‘Hopeless drunk’ fails to lift ban from Burnley town centre

Appellant: Paul Manley
Appellant: Paul Manley

Alcoholic Paul Manley has failed to persuade a judge to change the ASBO banning him from Burnley Centre.

Mr Manley (45) wanted the order waived, but when the judge, his barrister and the counsel for Burnley Council turned up for a prompt 10-30am start at Burnley Crown Court he was nowhere to be seen. He was spotted on CCTV at 3pm, at a town centre pub, and was given a police escort to his hearing.

Miss Rachel Cooper, for Manley, said he was being criminalised for being a hopeless drunk, and that the terms of the ASBO were setting him up to fail.

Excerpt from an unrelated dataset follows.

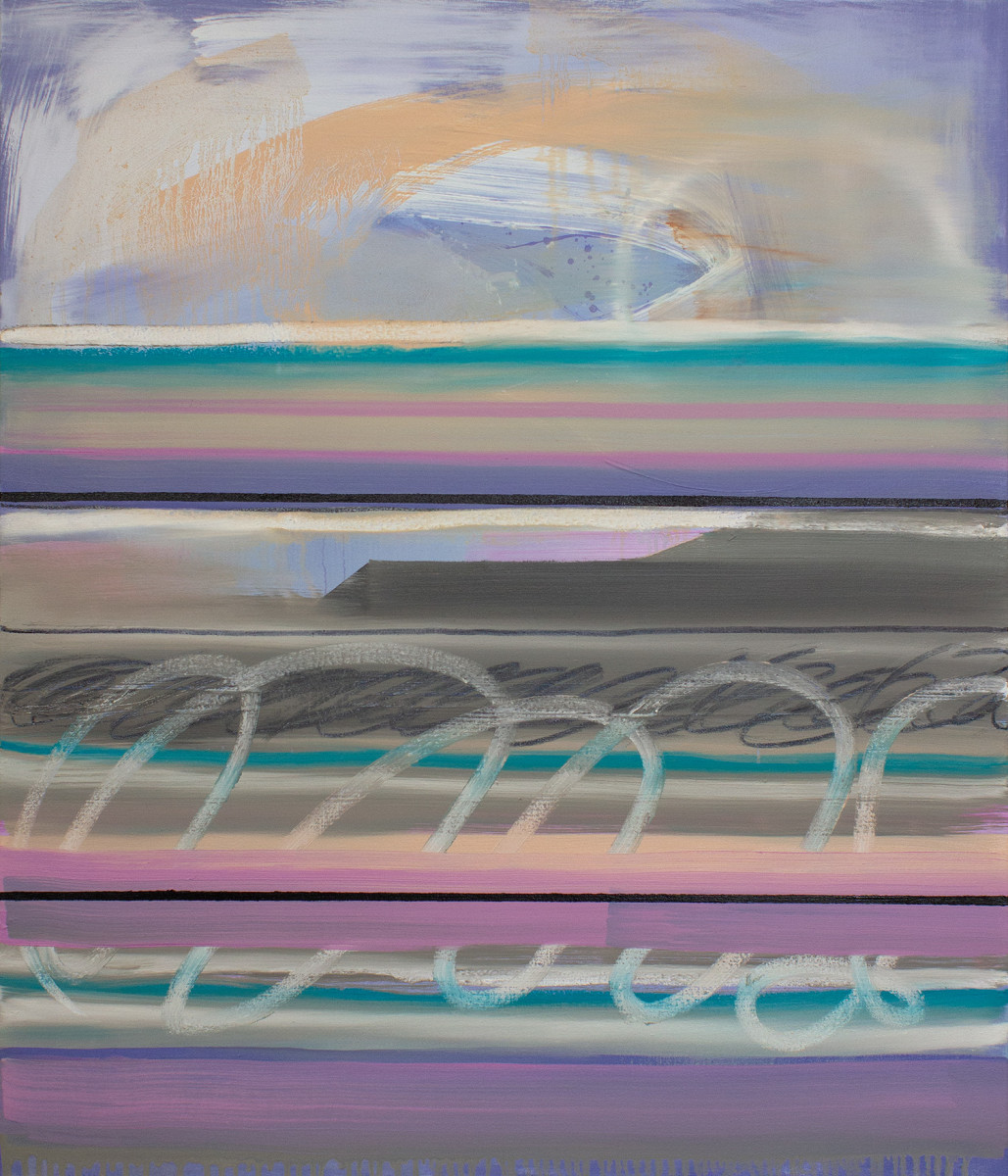 Stacked Horizons (plateau) by Pamela Staker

The court was told Mr Manley had appeared before magistrates 111 times, nearly always for breaches of the anti-social behaviour order.

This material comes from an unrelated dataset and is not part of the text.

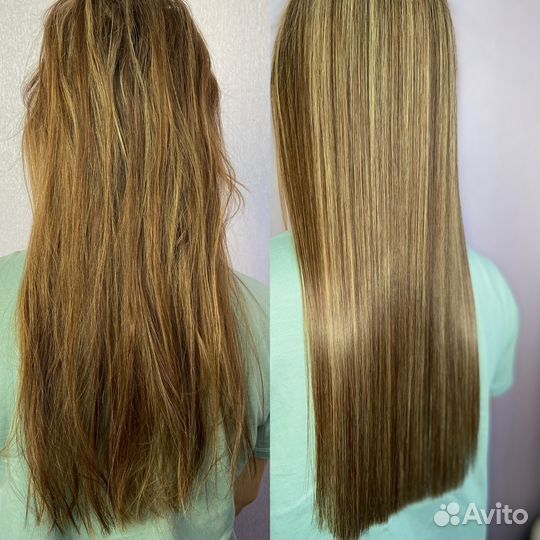 Кератиновое выпрямление /Ботокс волос/Подложки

Mr Jonathan Jackson, objecting to the appeal, said Mr Manley was first given an ASBO banning him from Colne. When he moved to Burnley part of the order, banning him from being drunk, was removed because he could be dealt with by being arrested for being drunk and disorderly. The ban limits him from going into Burnley town centre, all the town centre supermarkets and the Anchor Retail Park.

Mr Jackson said the appellant had an inability to follow simple instructions. He ignored the order to go into shops and supermarkets when he went to steal alcohol, and that, although he did not do it intentionally, because he was a big man and was frequently drunk, his manner and demeanour he put a fear into people.

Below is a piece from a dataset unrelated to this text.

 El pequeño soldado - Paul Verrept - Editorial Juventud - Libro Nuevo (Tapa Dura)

“It might be a waste of time because he keeps beaching it and nothing is done about it. The ASBO is a last resort there is nowhere for the council or the shopkeepers to go, but because someone is an alcoholic does not mean to say we have to ignore their behaviour.”

Dismissing the appeal, Judge Andrew Woolman said the ASBO was not working. “There has been a lamentable failure by the authorities to give any teeth to this order,” he said.

Judge Woolman the magistrates’ court could send any beach to the crown court for sentence, which could be as long as five years in jail.

Judge Woolman said the order was proportionate. “People in the centre of Burnley have been suffering for a long time, and need of a rest,” he said.